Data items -

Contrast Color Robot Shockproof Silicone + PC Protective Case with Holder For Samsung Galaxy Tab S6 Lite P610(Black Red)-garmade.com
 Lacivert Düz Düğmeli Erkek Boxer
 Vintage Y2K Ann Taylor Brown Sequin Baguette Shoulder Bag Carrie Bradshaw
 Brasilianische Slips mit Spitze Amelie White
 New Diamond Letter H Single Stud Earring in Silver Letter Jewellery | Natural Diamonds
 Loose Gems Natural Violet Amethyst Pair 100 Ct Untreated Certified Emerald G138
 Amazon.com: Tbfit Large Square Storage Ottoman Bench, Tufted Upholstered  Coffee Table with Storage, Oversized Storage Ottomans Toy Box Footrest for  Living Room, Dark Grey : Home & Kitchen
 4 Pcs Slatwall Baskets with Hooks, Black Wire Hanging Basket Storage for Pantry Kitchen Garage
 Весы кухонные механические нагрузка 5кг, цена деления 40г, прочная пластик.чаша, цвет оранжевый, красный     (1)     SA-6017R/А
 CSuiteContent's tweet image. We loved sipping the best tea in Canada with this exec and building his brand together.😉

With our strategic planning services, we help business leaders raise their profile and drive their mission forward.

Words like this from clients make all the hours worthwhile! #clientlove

To do -
What lines above contain "Kitchen"? Copy them out.

Exercise response -
 Amazon.com: Tbfit Large Square Storage Ottoman Bench, Tufted Upholstered  Coffee Table with Storage, Oversized Storage Ottomans Toy Box Footrest for  Living Room, Dark Grey : Home & Kitchen
 4 Pcs Slatwall Baskets with Hooks, Black Wire Hanging Basket Storage for Pantry Kitchen Garage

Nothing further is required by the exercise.